§ **ACTIVITY**
Would you please transcribe the records below exactly, leaving out the pictures?

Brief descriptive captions
[Start of section]

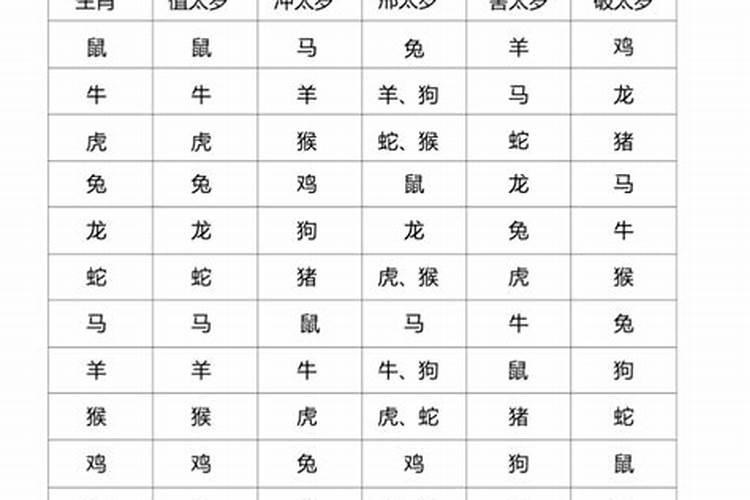 流年八字排盘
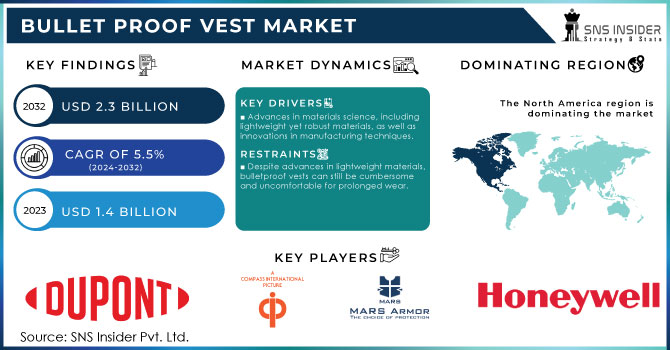 Bullet Proof Vest Market,Revenue Analysis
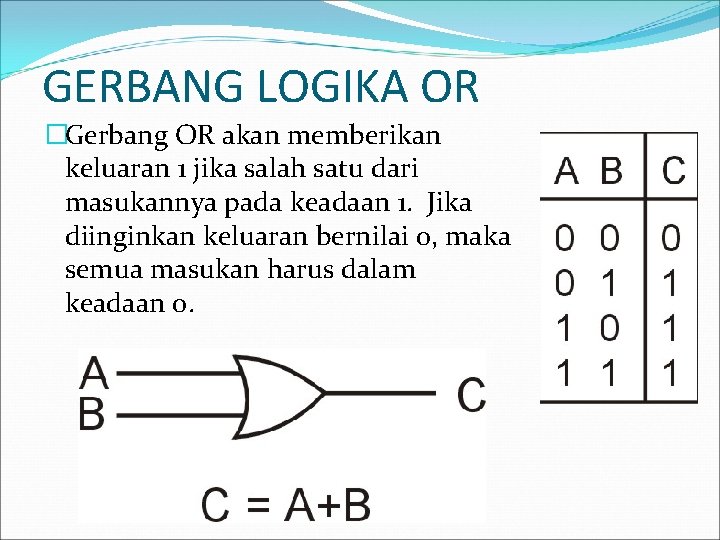 GERBANG LOGIKA OR �Gerbang OR akan memberikan keluaran 1 jika salah satu dari masukannya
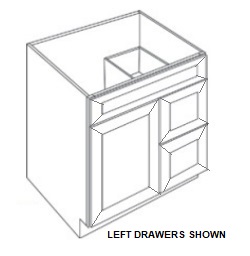 Single Door and Two Drawers Sink Base Vanity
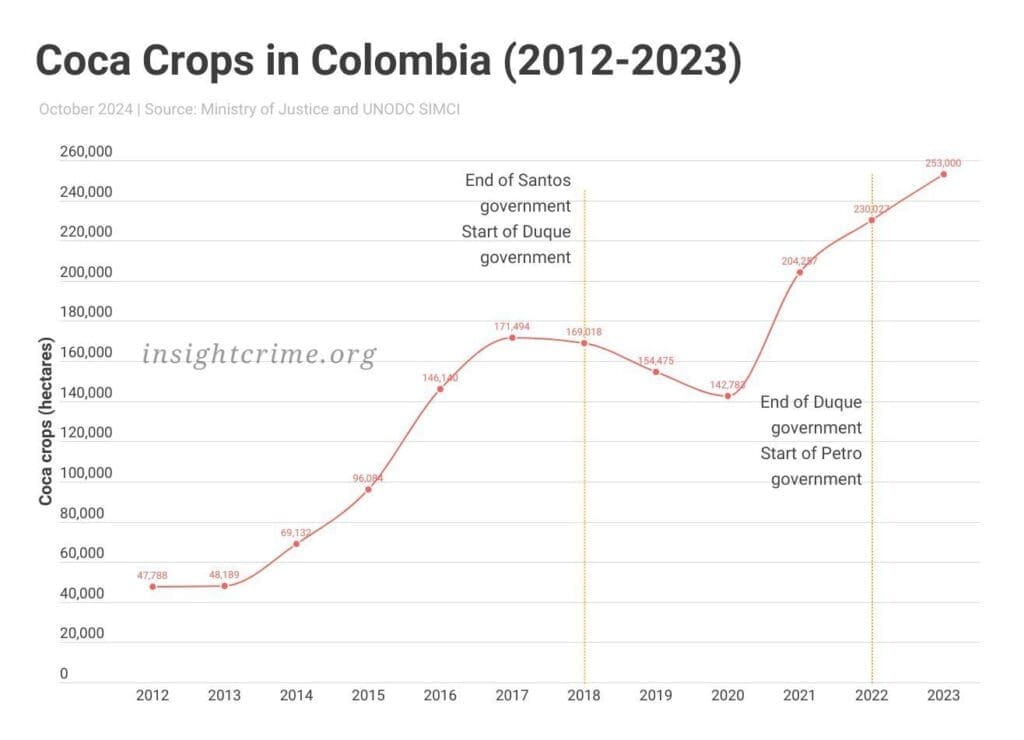 Production de feuilles de coca en Colombie par année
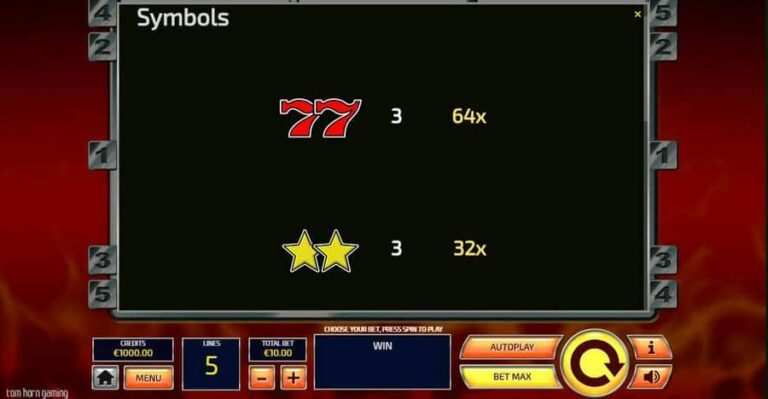 Flaming Fruit (Tom Horn Gaming)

[End of section]

§ **COMPLETED EXERCISE**
 流年八字排盘
 Bullet Proof Vest Market,Revenue Analysis
 GERBANG LOGIKA OR �Gerbang OR akan memberikan keluaran 1 jika salah satu dari masukannya
 Single Door and Two Drawers Sink Base Vanity
 Production de feuilles de coca en Colombie par année
 Flaming Fruit (Tom Horn Gaming)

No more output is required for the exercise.